Charlie McCurdy works around the world, but as he explains his company’s plans, the sound in the background is the rental car Satnav guiding him around Fort Lauderdale. When Fort Lauderdale Magazine catches up with McCurdy, he’s on his way to a breakfast meeting with Fort Lauderdale International Boat Show leaders. He’s used to life on the road, as you would be if you headed up an events business responsible for putting on some 200 events around the world. For McCurdy, those events now include the boat show.
McCurdy has been chief executive of the global exhibitions division of Informa – a multinational publishing and events company – since September 2015. In March of this year, Informa bought Show Management, the company that produces the Fort Lauderdale International Boat Show, for $133 million. The acquisition includes performance rights for all of Show Management’s Florida shows, which also include the Palm Beach International Boat Show, Yachts Miami Beach, St.
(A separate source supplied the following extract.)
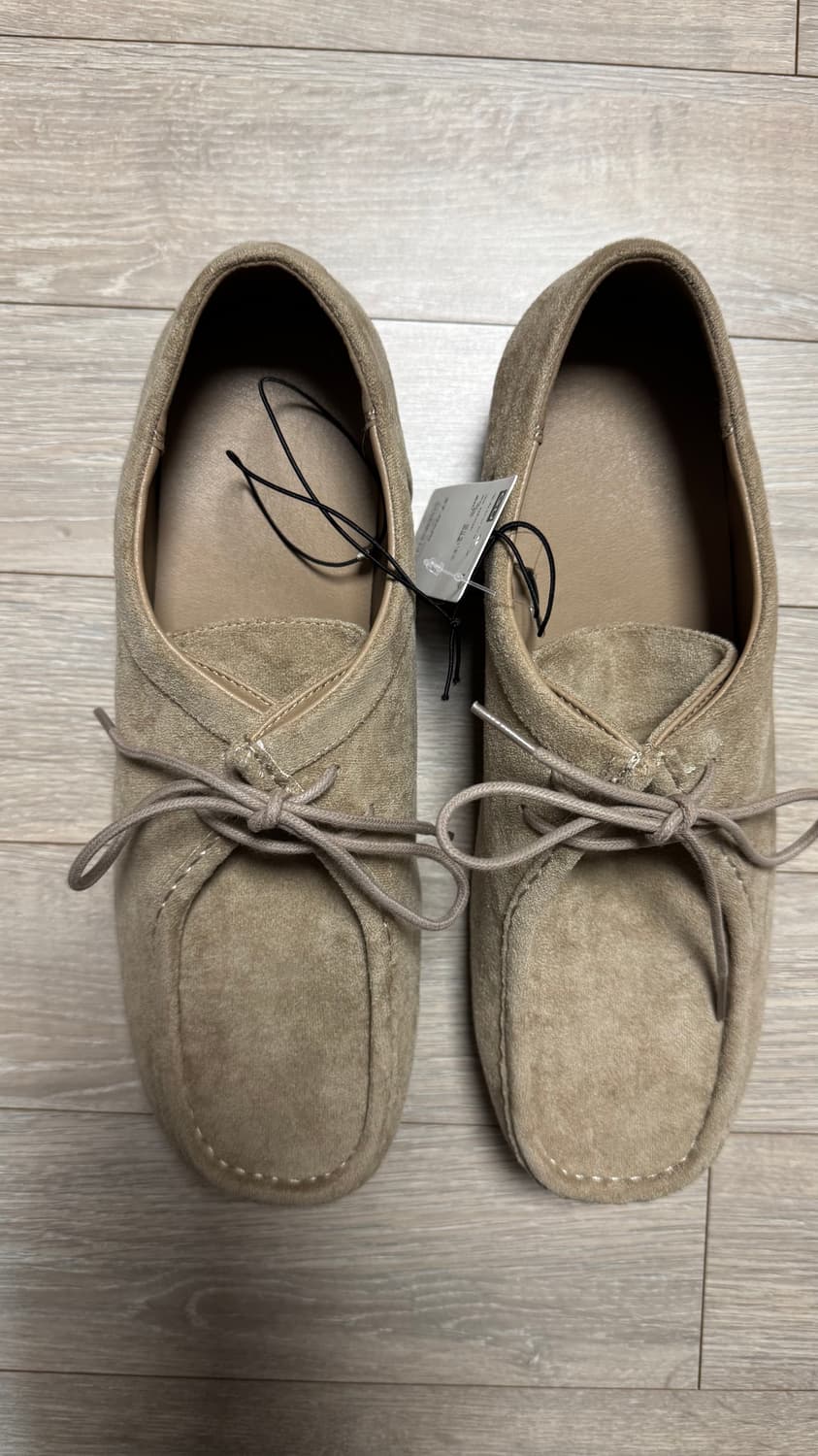 Gu 왈라비 270 새상품 상품이미지1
Petersburg Power and Sailboat Show and the Suncoast Boat Show.
Informa isn’t new to the world of high-end boating; its portfolio of events already includes the prestigious Monaco Yacht Show. Overall, the company has offices in more than 20 countries, employs more than 7,500 people and reported revenue of more than $1.5 billion in 2015. The company, whose primary headquarters is in London, first came into being in 1998 with the merger of International Business Communications PLC – an information supplier known primarily for conference organization and financial publications – and Lloyd’s of London Press, which published trade titles such as maritime intelligence provider Lloyd’s List and organized business conferences.
The two companies planned to create a one-stop shop for business information, and promisingly so: Together, they had a list of about five million customers and almost 1,000 different titles in areas as varied as finance and insurance, telecommunications, information technology, maritime commerce and energy.
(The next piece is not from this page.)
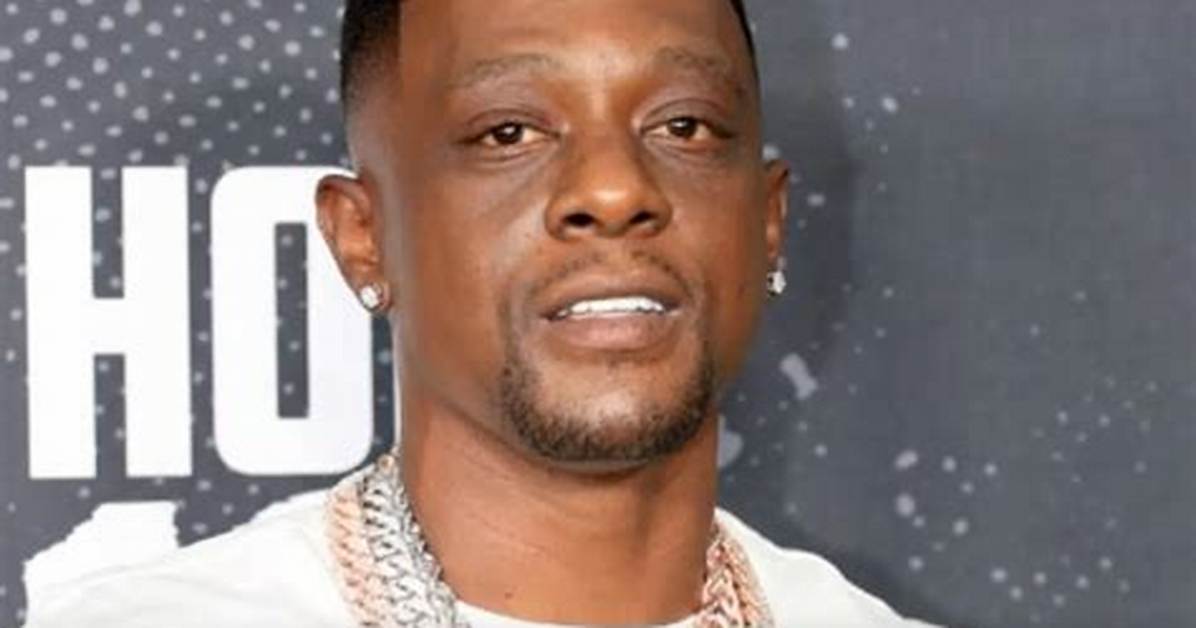 Lil Boosie Net Worth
Over the years, Informa bought more and more companies and rapidly grew not just its global presence but also the range and variety of what it does. Today, the company’s activities are split into four divisions: Academic Publishing, which produces thousands of journals and new books every year; Business Intelligence, which provides specialist insight to more than 30,000 subscribers in sectors including finance, maritime and pharma; Knowledge and Networking, which organizes more than 2,000 online and face-to-face networking events every year for professionals with a background in global finance, life sciences and telecoms as well as media and technology; and finally, Global Exhibitions, which, under the leadership of McCurdy, organizes trade shows in more than 30 different sectors ranging from health care, anti-aging and beauty to agriculture, real estate, logistics and maritime.
With annual sales of more than $622 million, the Global Exhibitions Division is the largest contributor to Informa’s revenues and profit. But this hasn’t always been the case.
“The exhibition business is more than 50 percent larger than it was when I joined,” McCurdy says. Since his arrival, the division has hired 400 people, bringing its total number of employees to 1,200 worldwide, and has seen a similar growth in revenues and profits.
The recent growth of Informa’s exhibitions business has largely been concentrated in the U.S. – which is home to at least half of the world’s exhibitions industry, worth around $12 billion. Since 2014, Informa has added 39 U.S. exhibitions to its portfolio.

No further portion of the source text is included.